Crawled caption data:
____________________
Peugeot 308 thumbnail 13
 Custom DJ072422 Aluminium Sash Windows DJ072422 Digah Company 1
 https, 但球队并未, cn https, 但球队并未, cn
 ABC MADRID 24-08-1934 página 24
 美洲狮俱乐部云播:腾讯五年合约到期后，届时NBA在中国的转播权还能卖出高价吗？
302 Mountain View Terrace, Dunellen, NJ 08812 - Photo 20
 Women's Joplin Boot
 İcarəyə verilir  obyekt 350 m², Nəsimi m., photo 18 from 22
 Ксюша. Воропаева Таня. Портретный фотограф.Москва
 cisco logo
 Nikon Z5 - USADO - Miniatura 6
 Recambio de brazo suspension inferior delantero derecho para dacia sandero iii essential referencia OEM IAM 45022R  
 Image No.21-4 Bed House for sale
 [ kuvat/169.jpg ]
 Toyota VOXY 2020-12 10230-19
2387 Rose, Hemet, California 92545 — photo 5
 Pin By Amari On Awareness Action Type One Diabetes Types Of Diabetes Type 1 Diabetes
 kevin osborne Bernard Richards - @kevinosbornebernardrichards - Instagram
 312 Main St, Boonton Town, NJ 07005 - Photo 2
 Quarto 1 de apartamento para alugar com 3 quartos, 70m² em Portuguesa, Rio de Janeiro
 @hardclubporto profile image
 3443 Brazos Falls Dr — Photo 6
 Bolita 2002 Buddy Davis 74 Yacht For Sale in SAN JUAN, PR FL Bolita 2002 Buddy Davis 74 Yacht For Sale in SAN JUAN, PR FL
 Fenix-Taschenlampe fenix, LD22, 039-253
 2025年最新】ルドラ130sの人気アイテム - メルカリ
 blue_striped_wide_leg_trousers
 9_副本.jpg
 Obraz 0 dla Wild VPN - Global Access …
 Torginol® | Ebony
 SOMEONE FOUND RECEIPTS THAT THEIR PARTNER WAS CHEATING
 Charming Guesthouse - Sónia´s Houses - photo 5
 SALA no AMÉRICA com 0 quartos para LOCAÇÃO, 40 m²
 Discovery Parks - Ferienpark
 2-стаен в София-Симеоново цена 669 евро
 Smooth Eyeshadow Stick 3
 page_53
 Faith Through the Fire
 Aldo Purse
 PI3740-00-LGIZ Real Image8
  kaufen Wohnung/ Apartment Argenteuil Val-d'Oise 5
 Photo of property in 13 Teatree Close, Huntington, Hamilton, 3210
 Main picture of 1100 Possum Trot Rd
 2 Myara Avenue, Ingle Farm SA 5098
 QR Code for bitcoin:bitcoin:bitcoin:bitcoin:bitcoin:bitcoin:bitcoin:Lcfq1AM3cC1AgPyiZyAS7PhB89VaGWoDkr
____________________
* _AIM OF THE TASK_
Write out every record above, word for word.

* _FINAL ANSWER_
Peugeot 308 thumbnail 13
 Custom DJ072422 Aluminium Sash Windows DJ072422 Digah Company 1
 https, 但球队并未, cn https, 但球队并未, cn
 ABC MADRID 24-08-1934 página 24
 美洲狮俱乐部云播:腾讯五年合约到期后，届时NBA在中国的转播权还能卖出高价吗？
302 Mountain View Terrace, Dunellen, NJ 08812 - Photo 20
 Women's Joplin Boot
 İcarəyə verilir  obyekt 350 m², Nəsimi m., photo 18 from 22
 Ксюша. Воропаева Таня. Портретный фотограф.Москва
 cisco logo
 Nikon Z5 - USADO - Miniatura 6
 Recambio de brazo suspension inferior delantero derecho para dacia sandero iii essential referencia OEM IAM 45022R  
 Image No.21-4 Bed House for sale
 [ kuvat/169.jpg ]
 Toyota VOXY 2020-12 10230-19
2387 Rose, Hemet, California 92545 — photo 5
 Pin By Amari On Awareness Action Type One Diabetes Types Of Diabetes Type 1 Diabetes
 kevin osborne Bernard Richards - @kevinosbornebernardrichards - Instagram
 312 Main St, Boonton Town, NJ 07005 - Photo 2
 Quarto 1 de apartamento para alugar com 3 quartos, 70m² em Portuguesa, Rio de Janeiro
 @hardclubporto profile image
 3443 Brazos Falls Dr — Photo 6
 Bolita 2002 Buddy Davis 74 Yacht For Sale in SAN JUAN, PR FL Bolita 2002 Buddy Davis 74 Yacht For Sale in SAN JUAN, PR FL
 Fenix-Taschenlampe fenix, LD22, 039-253
 2025年最新】ルドラ130sの人気アイテム - メルカリ
 blue_striped_wide_leg_trousers
 9_副本.jpg
 Obraz 0 dla Wild VPN - Global Access …
 Torginol® | Ebony
 SOMEONE FOUND RECEIPTS THAT THEIR PARTNER WAS CHEATING
 Charming Guesthouse - Sónia´s Houses - photo 5
 SALA no AMÉRICA com 0 quartos para LOCAÇÃO, 40 m²
 Discovery Parks - Ferienpark
 2-стаен в София-Симеоново цена 669 евро
 Smooth Eyeshadow Stick 3
 page_53
 Faith Through the Fire
 Aldo Purse
 PI3740-00-LGIZ Real Image8
  kaufen Wohnung/ Apartment Argenteuil Val-d'Oise 5
 Photo of property in 13 Teatree Close, Huntington, Hamilton, 3210
 Main picture of 1100 Possum Trot Rd
 2 Myara Avenue, Ingle Farm SA 5098
 QR Code for bitcoin:bitcoin:bitcoin:bitcoin:bitcoin:bitcoin:bitcoin:Lcfq1AM3cC1AgPyiZyAS7PhB89VaGWoDkr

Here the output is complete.